++++ DATA EXCERPTS ++++

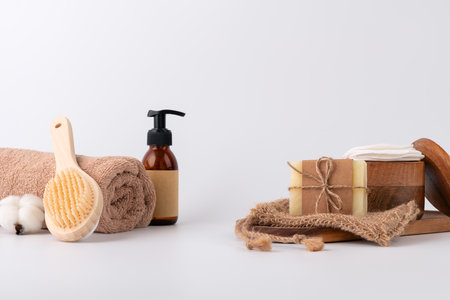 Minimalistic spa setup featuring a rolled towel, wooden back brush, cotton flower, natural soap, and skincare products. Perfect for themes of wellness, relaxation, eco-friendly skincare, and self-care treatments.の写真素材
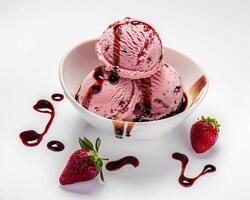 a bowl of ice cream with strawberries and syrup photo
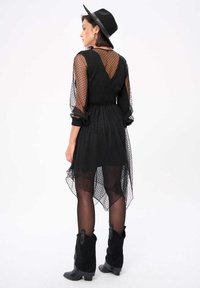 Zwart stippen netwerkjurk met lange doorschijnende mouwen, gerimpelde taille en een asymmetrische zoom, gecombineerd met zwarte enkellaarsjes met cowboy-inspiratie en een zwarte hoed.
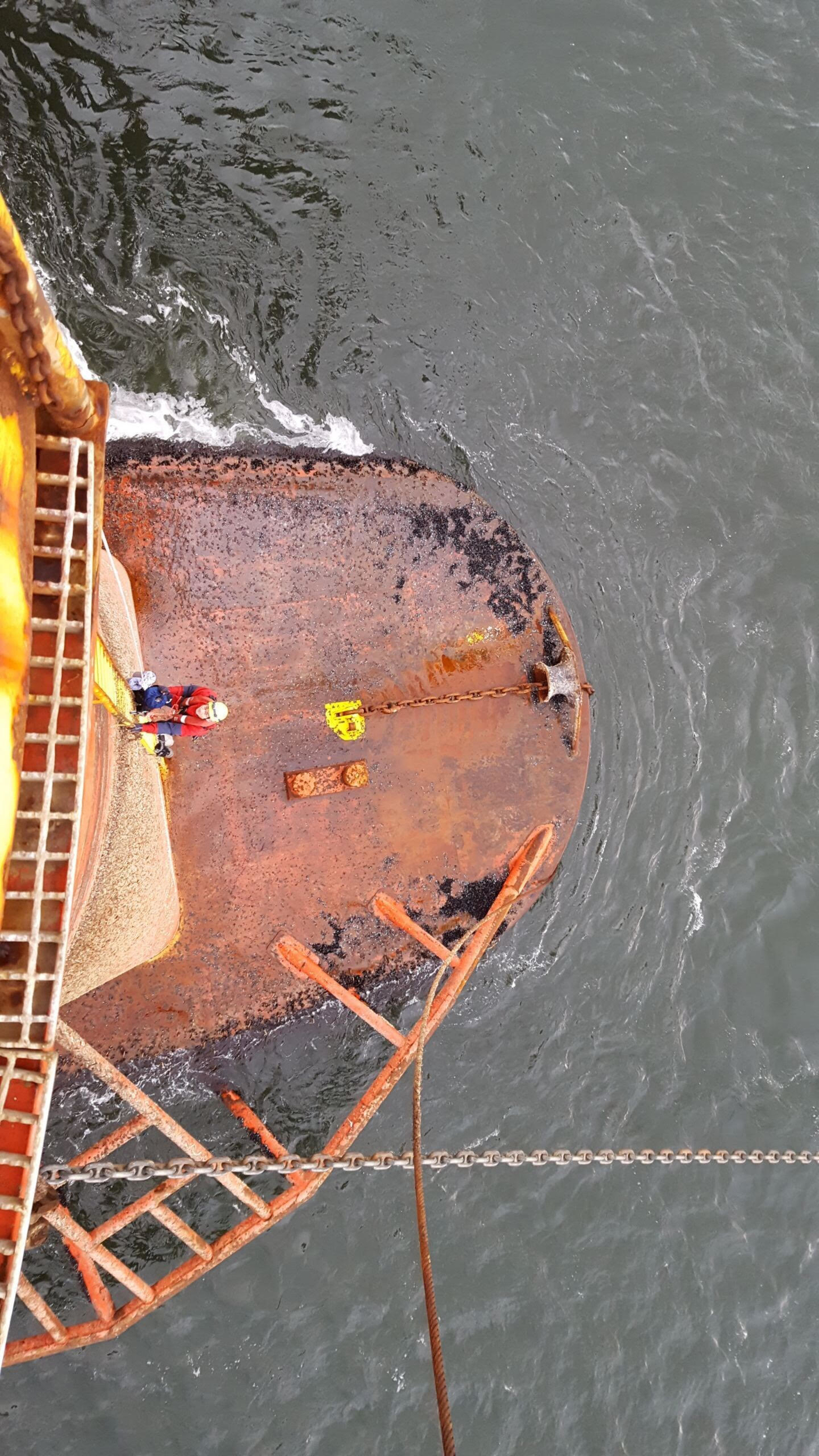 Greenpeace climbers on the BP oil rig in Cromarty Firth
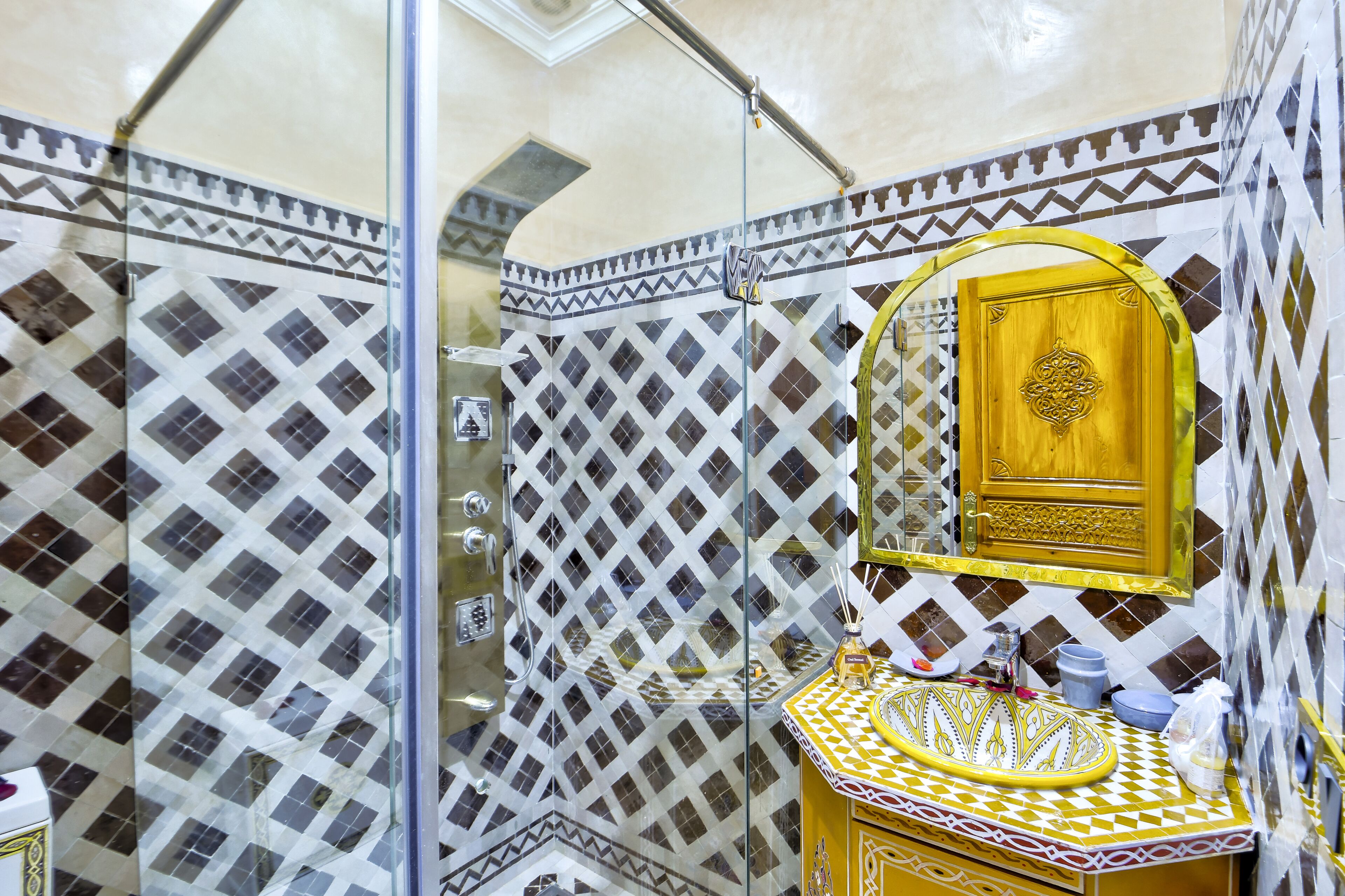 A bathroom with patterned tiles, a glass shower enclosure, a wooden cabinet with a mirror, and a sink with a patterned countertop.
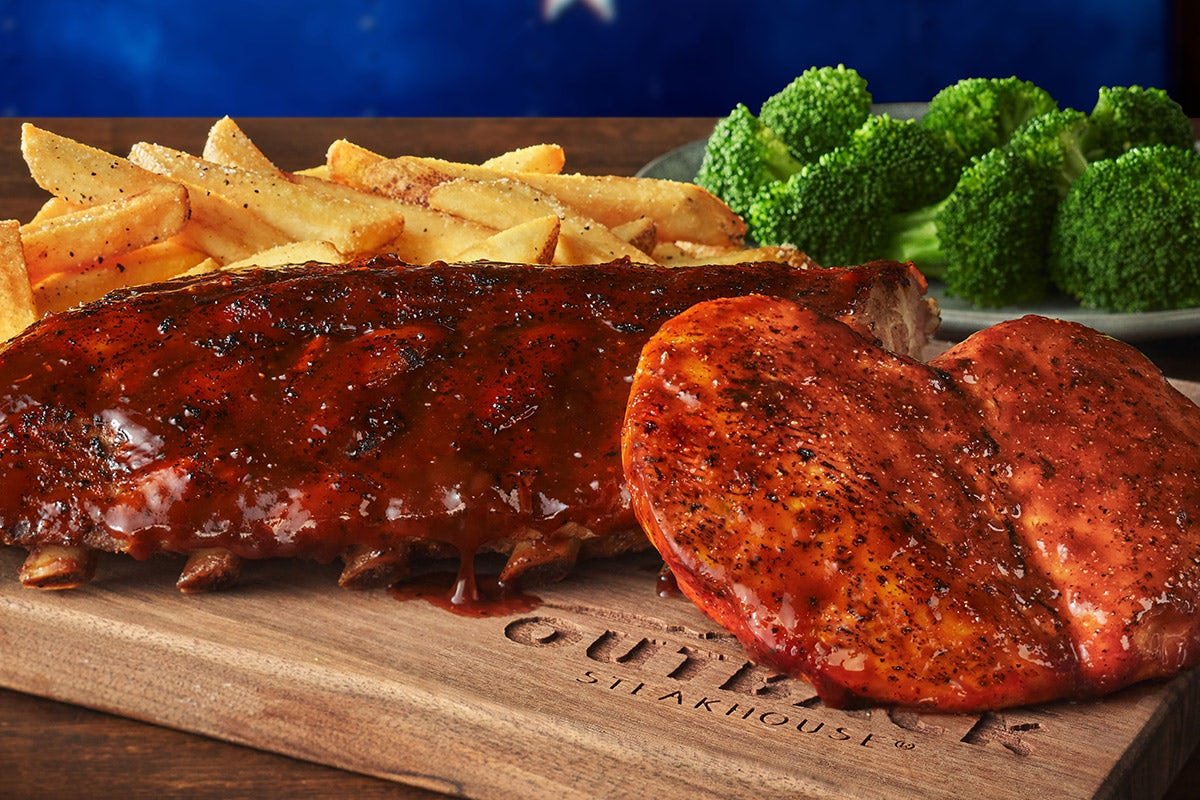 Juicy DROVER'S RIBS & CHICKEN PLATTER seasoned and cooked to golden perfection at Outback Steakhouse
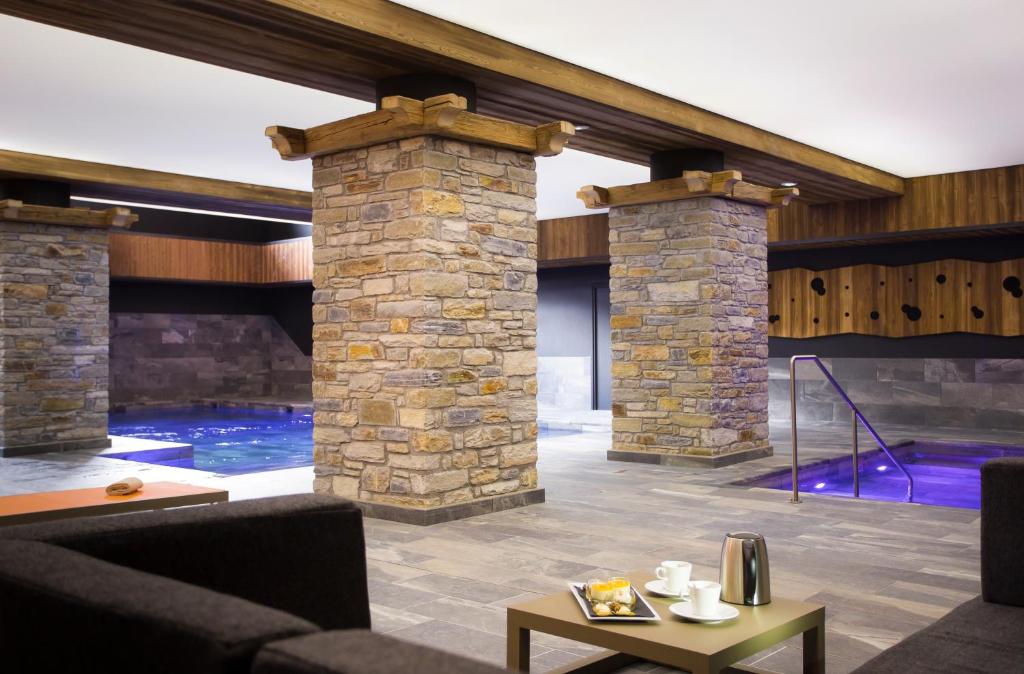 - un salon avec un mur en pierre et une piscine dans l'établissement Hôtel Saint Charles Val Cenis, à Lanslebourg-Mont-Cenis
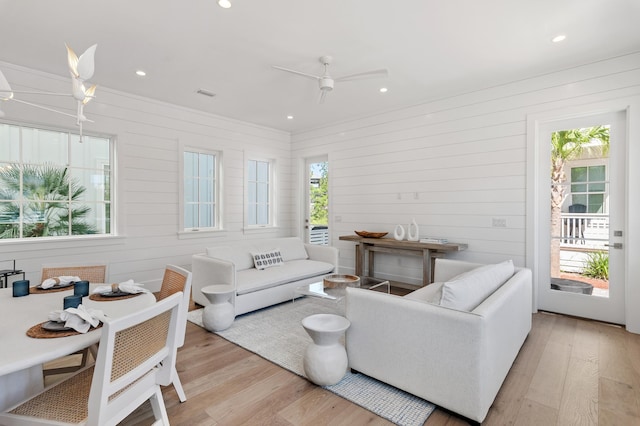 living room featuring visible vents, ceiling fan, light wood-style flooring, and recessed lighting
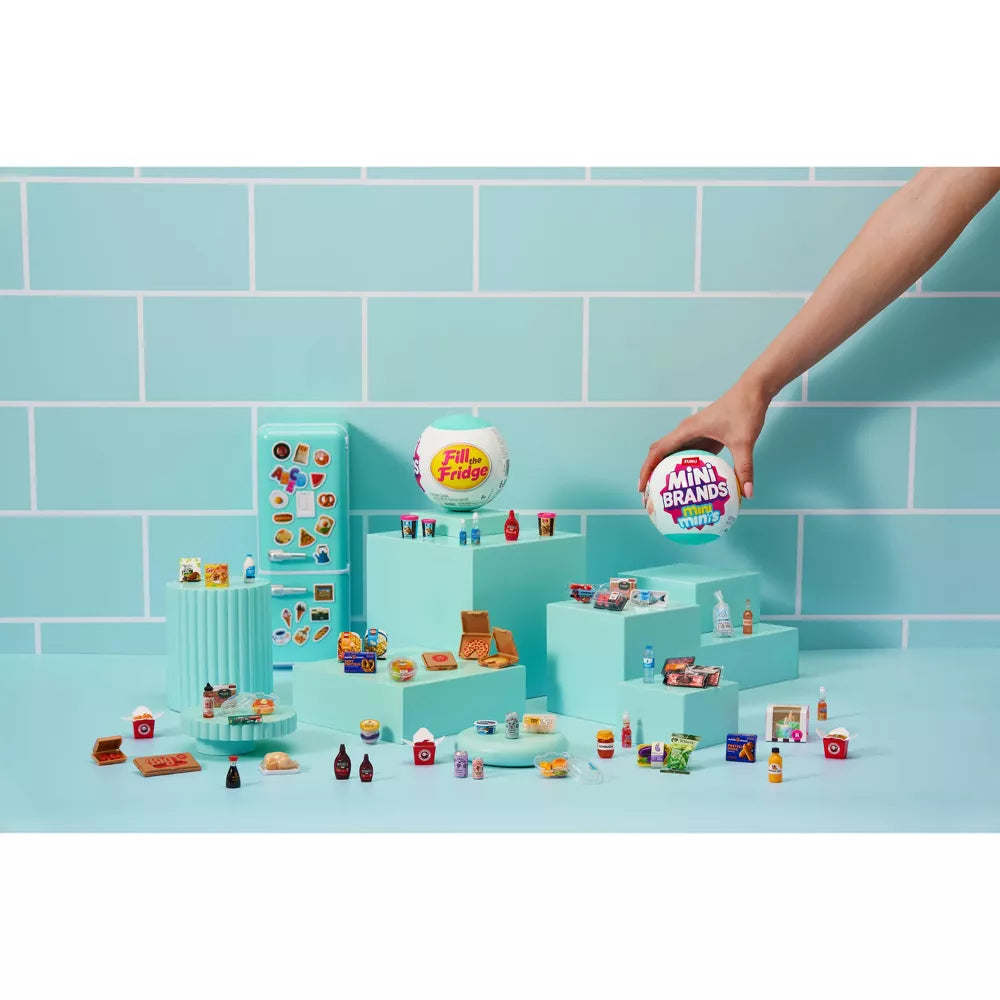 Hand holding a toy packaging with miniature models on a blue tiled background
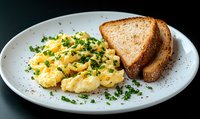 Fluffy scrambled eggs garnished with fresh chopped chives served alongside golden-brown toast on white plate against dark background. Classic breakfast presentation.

++++

Leave out any pictures, please, and quote only the lines from the top of the data through the line that contains "- un salon avec".

 Minimalistic spa setup featuring a rolled towel, wooden back brush, cotton flower, natural soap, and skincare products. Perfect for themes of wellness, relaxation, eco-friendly skincare, and self-care treatments.の写真素材
 a bowl of ice cream with strawberries and syrup photo
 Zwart stippen netwerkjurk met lange doorschijnende mouwen, gerimpelde taille en een asymmetrische zoom, gecombineerd met zwarte enkellaarsjes met cowboy-inspiratie en een zwarte hoed.
 Greenpeace climbers on the BP oil rig in Cromarty Firth
 A bathroom with patterned tiles, a glass shower enclosure, a wooden cabinet with a mirror, and a sink with a patterned countertop.
 Juicy DROVER'S RIBS & CHICKEN PLATTER seasoned and cooked to golden perfection at Outback Steakhouse
 - un salon avec un mur en pierre et une piscine dans l'établissement Hôtel Saint Charles Val Cenis, à Lanslebourg-Mont-Cenis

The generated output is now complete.